Maybe turn this function into a member function of VariableConstructionContext? That'll make the caller code a bit more verbose but both the problem and the solution seems to be generic enough to be put there.

I wouldn't even mind subclassing ConstructionContext to handle this special case with a dedicated subclass, then the ArrayInitLoopExpr could become an entire layer. But that's probably an overkill since everything fits together nicely without it.

526

OpaqueValueExpr is often an indication that its sub-expression is duplicated in the AST (i.e., pointed-to from multiple different parents). I'm curious if the DeclRefExpr on the next line is the same DeclRefExpr that you're looking for.
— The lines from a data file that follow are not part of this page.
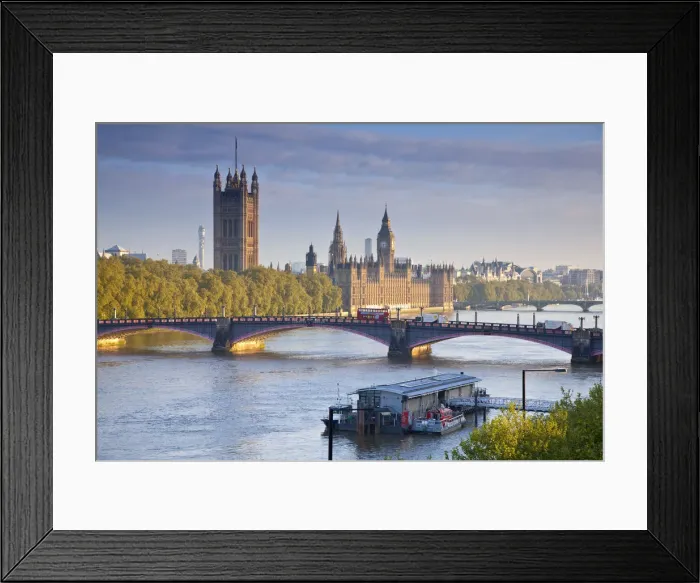 Framed Print : Big Ben, Houses of Parliament and River Thames, London, England
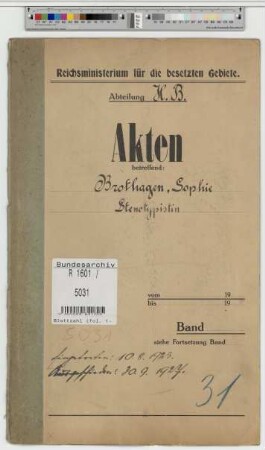 Brothagen, Sophie, geb. 26.12.1898, Stenotypistin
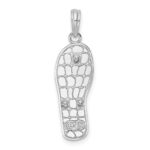 De-Ani Sterling Silver Rhodium-Plated 3D Enameled Beach Scene Flip-flop Pendant - Image 4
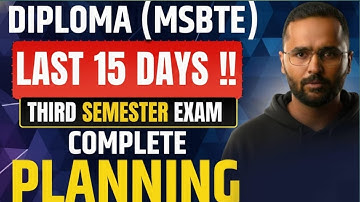DIPLOMA (MSBTE) !! LAST 15 DAYS STRATEGY | THIRD SEMESTER EXAM COMPLETE PLANNING | PRADEEP GIRI SIR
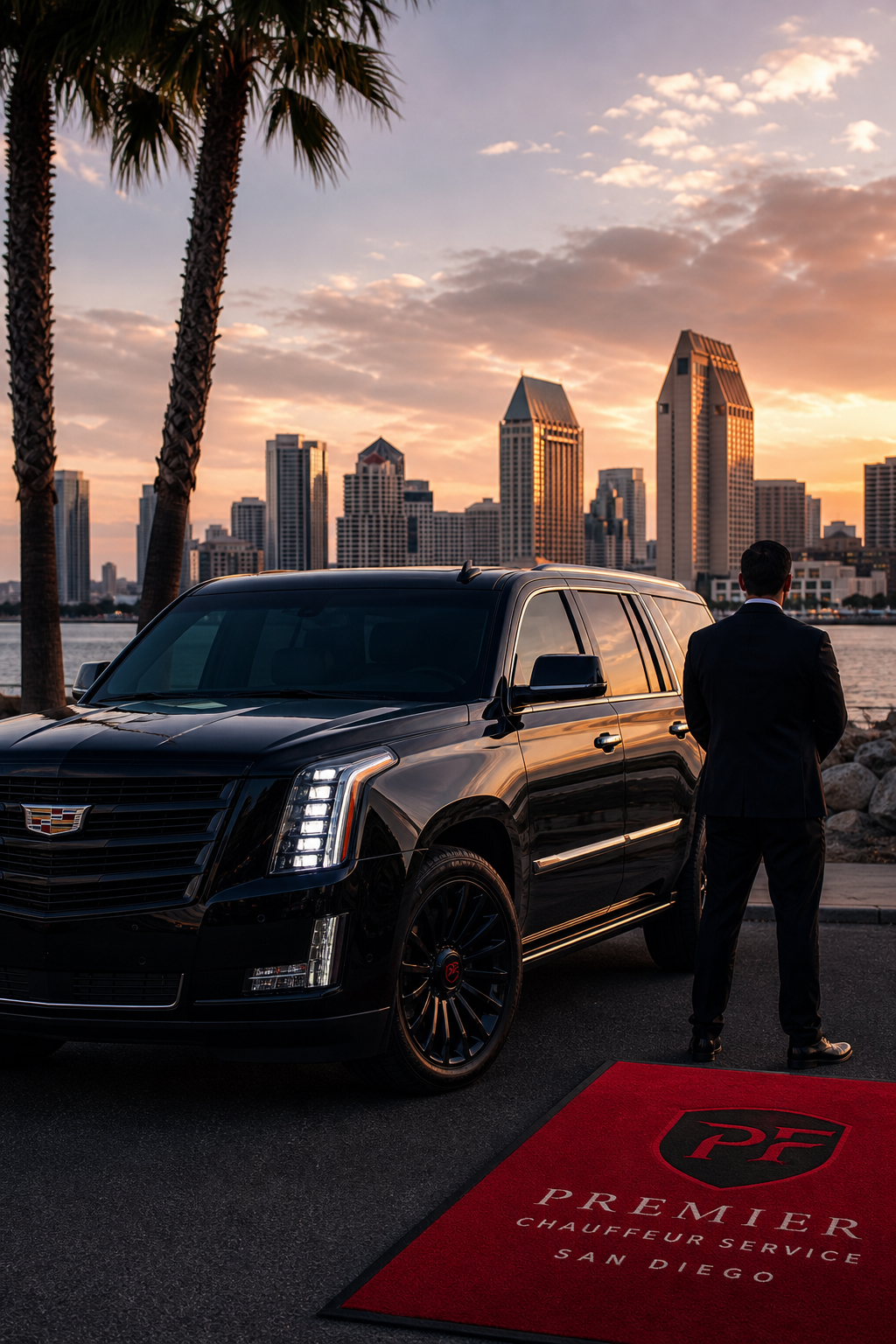 A sleek black luxury SUV parked in front of the San Diego skyline at sunset, cinematic style, showing elegance and priva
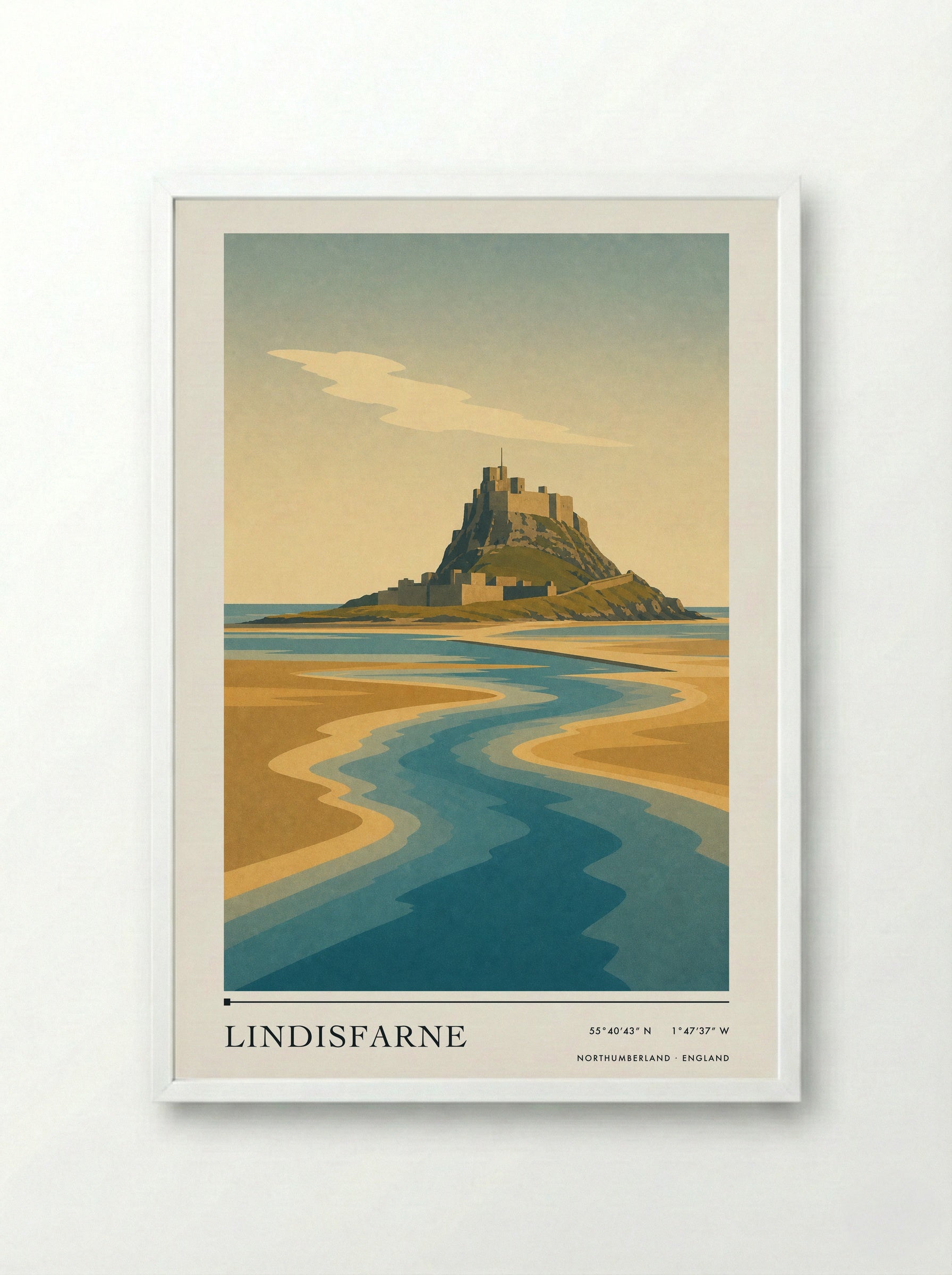 Lindisfarne Travel Poster Artwork - Framed Print White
In this case we can simplify this function dramatically by consulting the ArrayInitLoopExpr instead (which is available in this function's caller).

isuckatcs updated this revision to Diff 443932.Jul 12 2022, 6:10 AM
  • ArrayInitLoopExpr with non-POD type array in implicit copy/move ctor is now handled properly.

In the third case, when a lambda captures a non-POD type array by value, there is no construction context,
so the objects would be constructed into the same temporary region. At the moment this case is ignored, and
I added a FIXME about it near the appropriate test case.

isuckatcs marked an inline comment as done.Jul 12 2022, 6:17 AM
isuckatcs added inline comments.
clang/lib/StaticAnalyzer/Core/ExprEngineCXX.cpp
507

Sadly we can't create 1 subclass that handles ArrayInitLoopExpr, as in all 3 different use cases we have a different ConstructionContext.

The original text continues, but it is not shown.